══ INPUT MATERIAL
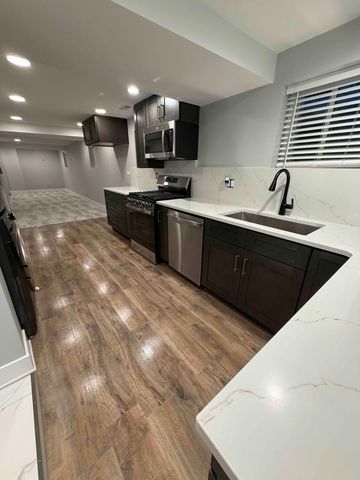 2221 W 21st Place BR, Chicago, IL 60608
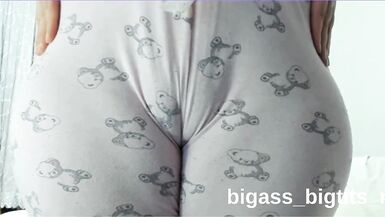 Bigass_bigtits_milf's solo play: Masturbating with her curvy body and toes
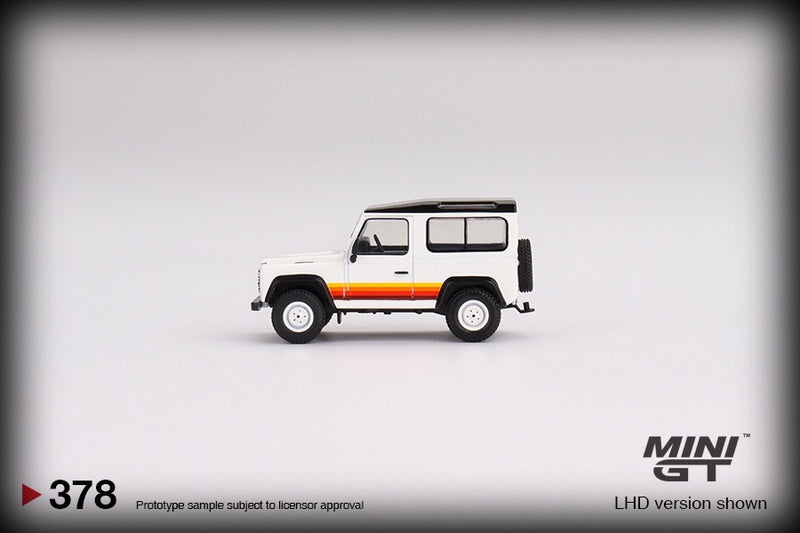Load image into Gallery viewer, Land Rover Defender 90 Wagon (LHD) MINI GT 1:64
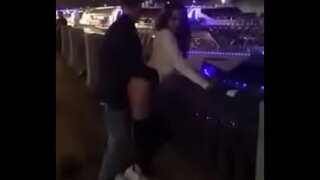 Тамак жейт, шлюха, көчөдө, moscow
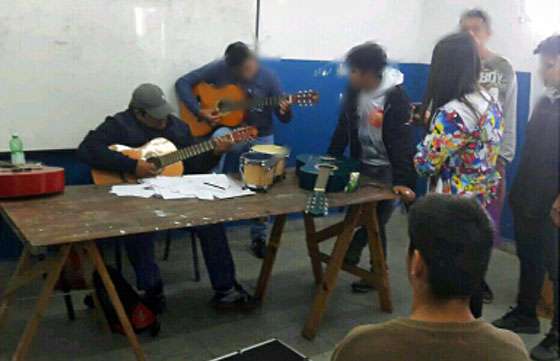 Adolescentes privados de su libertad realizan actividades recreativas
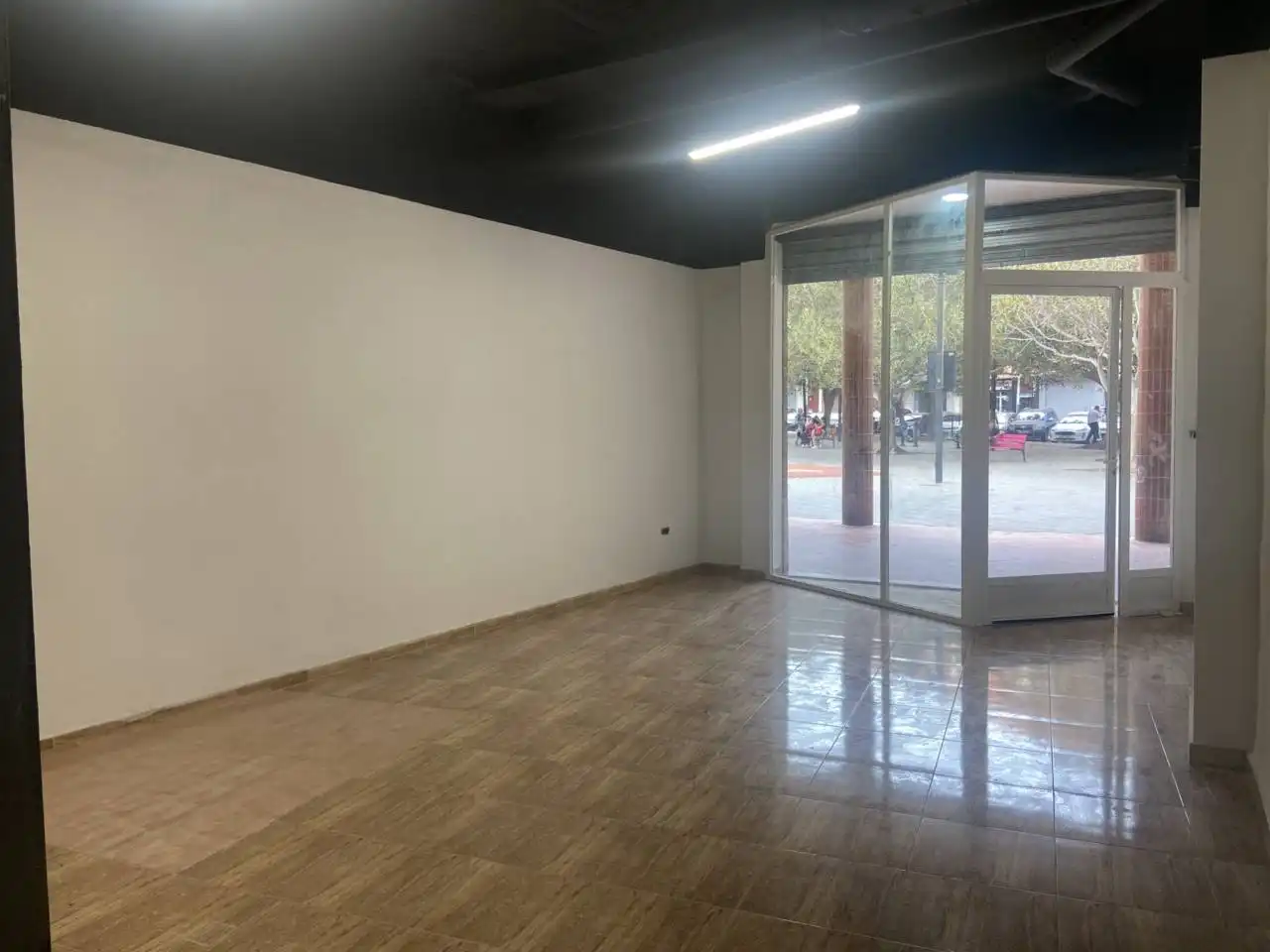 Local comercial de lloguer a Calle Marquesat 14, imagen 2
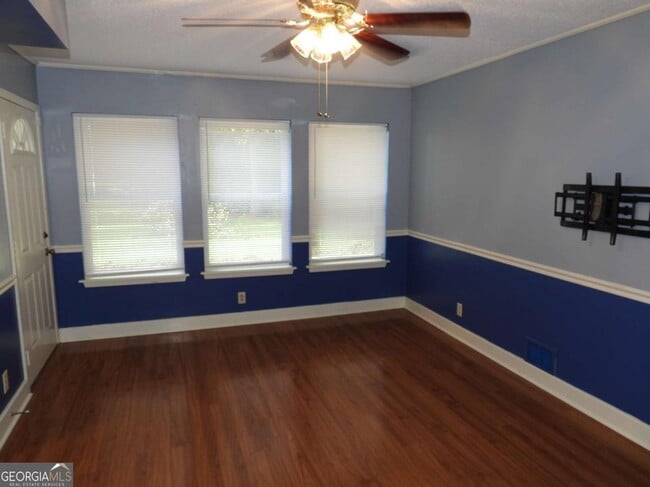 Building Photo - 216 Topi Trail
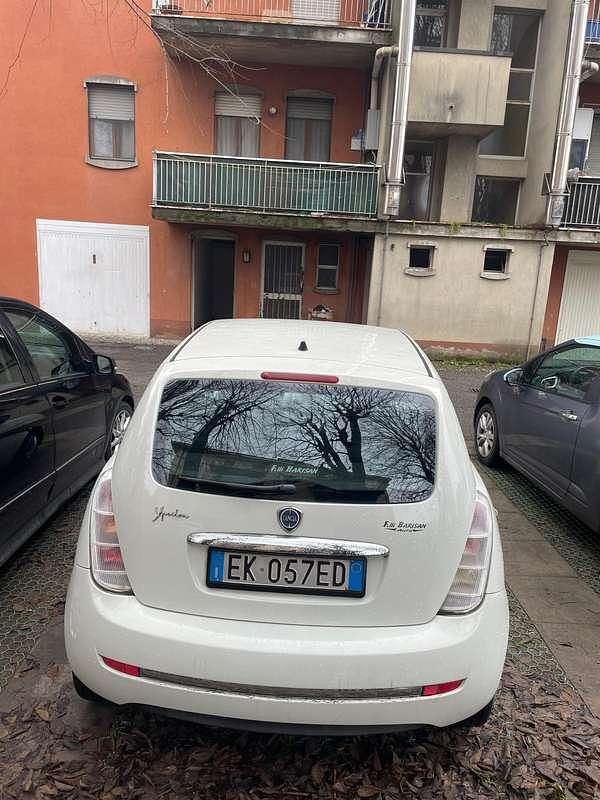 Usata Lancia Ypsilon 69 CV (50 kW) 2011 Utilitaria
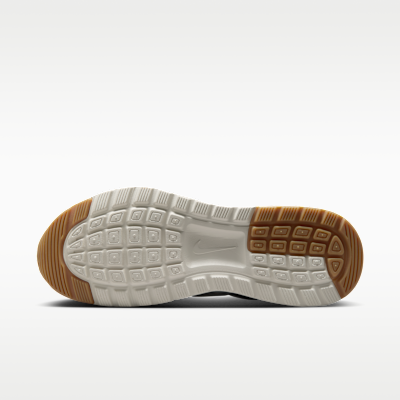 ナイキ エア マックス ニュアクシス ウィメンズシューズ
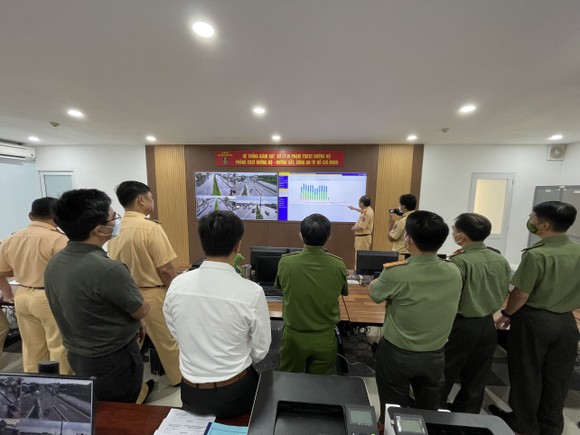 Camera giám sát xử lý vi phạm giao thông trên tuyến Quốc lộ 1A được đưa vào hoạt động ảnh 3
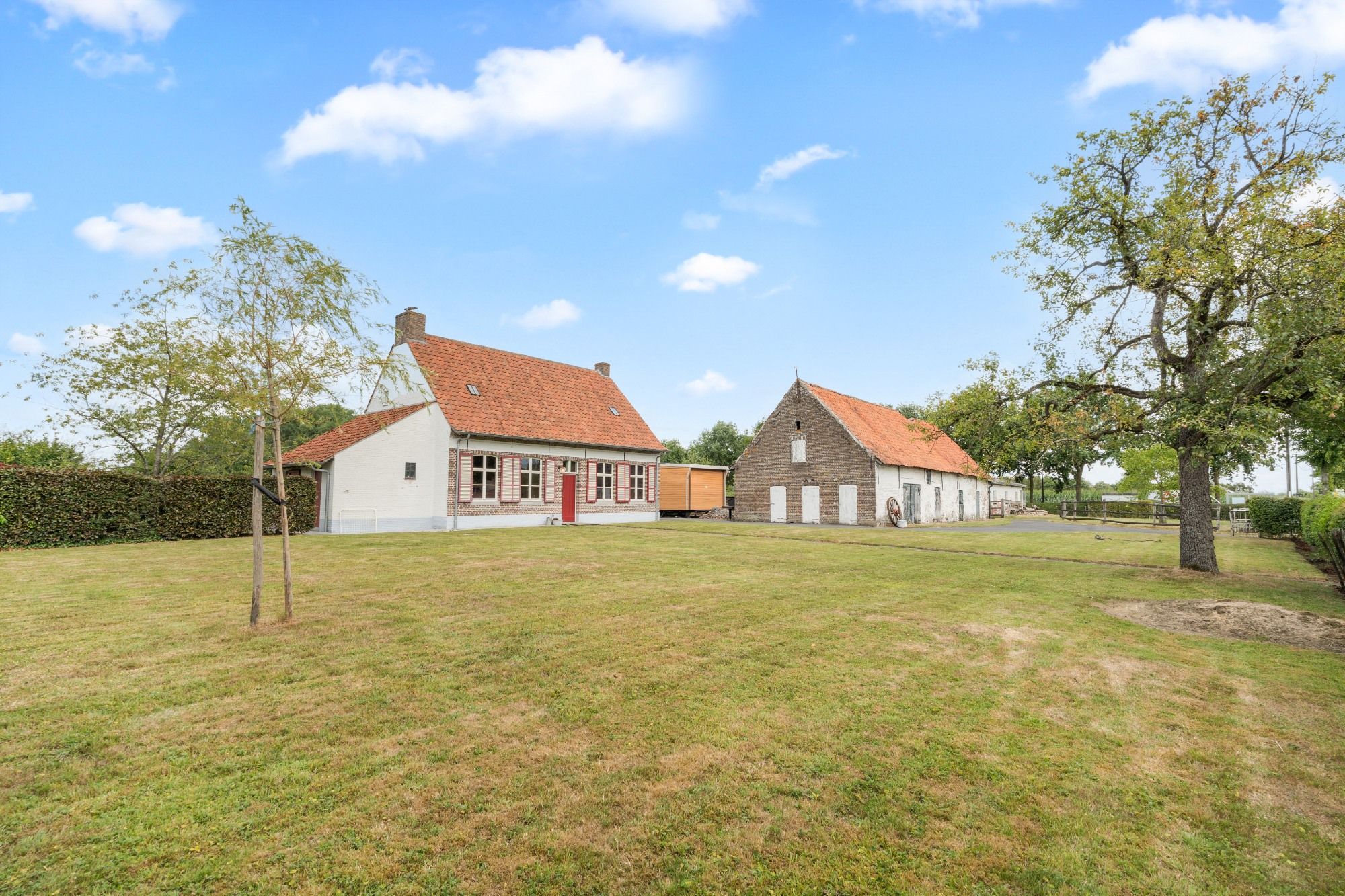 Charmante hoeve met paardenstallingen en schuur op 11.908 m² vlakbij het Drongengoed foto 6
════
■ TASK ITEM
Please give an exact copy of the lines from the line containing "Building Photo - 216 Topi Trail" through the end of the records above, pictures excluded.

■ ANSWER TO THIS EXERCISE
 Building Photo - 216 Topi Trail
 Usata Lancia Ypsilon 69 CV (50 kW) 2011 Utilitaria
 ナイキ エア マックス ニュアクシス ウィメンズシューズ
 Camera giám sát xử lý vi phạm giao thông trên tuyến Quốc lộ 1A được đưa vào hoạt động ảnh 3
 Charmante hoeve met paardenstallingen en schuur op 11.908 m² vlakbij het Drongengoed foto 6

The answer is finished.